TSMC Earnings Preview: HPC and Automotive Chips in Focus

Tiger Newspress2022-10-12

Taiwan Semiconductor Manufacturing, the world's largest contract chipmaker and a major Apple Inc supplier, is scheduled to announce Q3 earnings results before market opens on Thursday, October 13th.

Latest Results

TSMC posted T$237.0 billion ($7.94 billion) net profit in the second quarter on sustained demand for semiconductors amid a continued global shortage, a 76.4% rise from the same period of the last year.

Revenue for the quarter climbed 36.6% to $18.16 billion, versus TSMC's prior estimated range of $17.6 billion to $18.2 billion.

Q3 Guidance

In its second-quarter earnings report, TSMC expects revenue for the third quarter of 2022 to be between $19.8 billion and $20.6 billion based on the company’s business outlook.

And, based on the exchange rate assumption of 1 US dollar to 29.7 NT dollars, the gross profit margin is expected to be between 57.5% and 59.5%; the operating profit margin is expected to be between 47% and 49%.

3 Most Important Things to Watch:

TSMC's Quarterly Revenue Reaches $19.4 Billion

Revenue at the world’s largest contract chipmaker rose 48% to about NT$613 billion ($19.4 billion) in the third quarter. The company estimated $19.8 billion to 20.6 billion.

Rising revenue at Apple Inc.’s most important chipmaker signals that the largest players in the $550 billion semiconductor industry may avoid the severe downturn investors have feared, helped by resilient demand for some electronics products in the face of rising interest rates and soaring inflation.

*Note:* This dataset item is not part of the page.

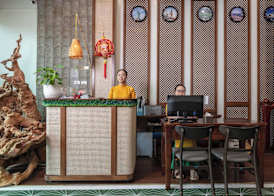 Veshia Hotel & Spa 5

Morgan Stanley projected a return to growth for the semiconductor industry by the second half of 2023. Morgan Stanley also crowned $TSMC(TSM) a top pick, calling it “an enabler of future technology”.

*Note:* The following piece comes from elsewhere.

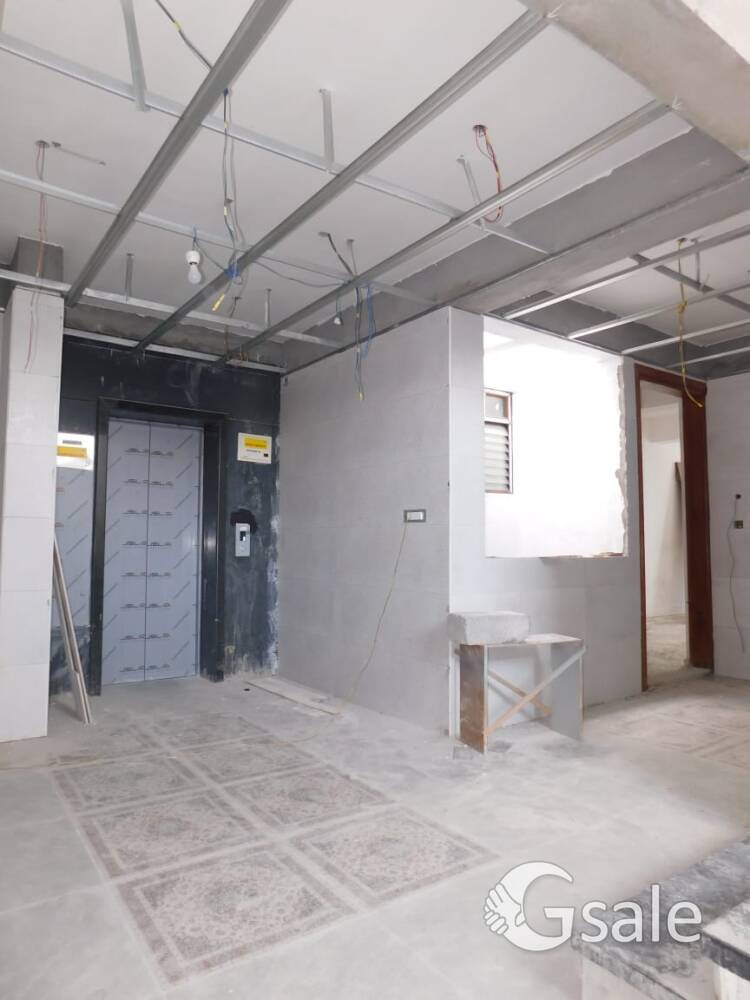 3BHK FLAT IN INDIRANAGAR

TSMC's HPC and Automotive Chips in Focus

AMD's substantial pullback in 3Q revenue guidance may be a harbinger of what's ahead for TSMC. Fabrication orders for high-performance computing (HPC) chips have been the power source of TSMC's quickening sales growth since 1Q21 despite flagging demand for smartphone chips. Top AI chip designers, including Alibaba, are major customers of TSMC's HPC chip foundry services.

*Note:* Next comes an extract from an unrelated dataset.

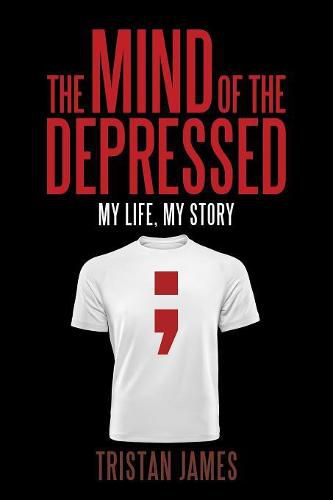 Cover image for The Mind of the Depressed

To diversify beyond chips for electronics, TSMC is also seeking growth in areas such as next-generation vehicles. The Taiwanese company is betting on growing demand for semiconductors as cars become electrified and more digitized.

TSMC's 3Q sales jumped 48% vs. a year ago, to NT$613 billion. In addition to HPC and automotive chips demand, stronger-than-expected U.S. dollar appreciation vs. Taiwan dollar lends a revenue tailwind.

Concerns Linger About Impact of Potential Recession

Other chipmakers warned in recent weeks that they are facing a tougher market as inventories build up and orders are being cut by the data center as well as consumer tech clients. Micron Technology Inc. is cutting output to try and rebalance supply and avert a price crash.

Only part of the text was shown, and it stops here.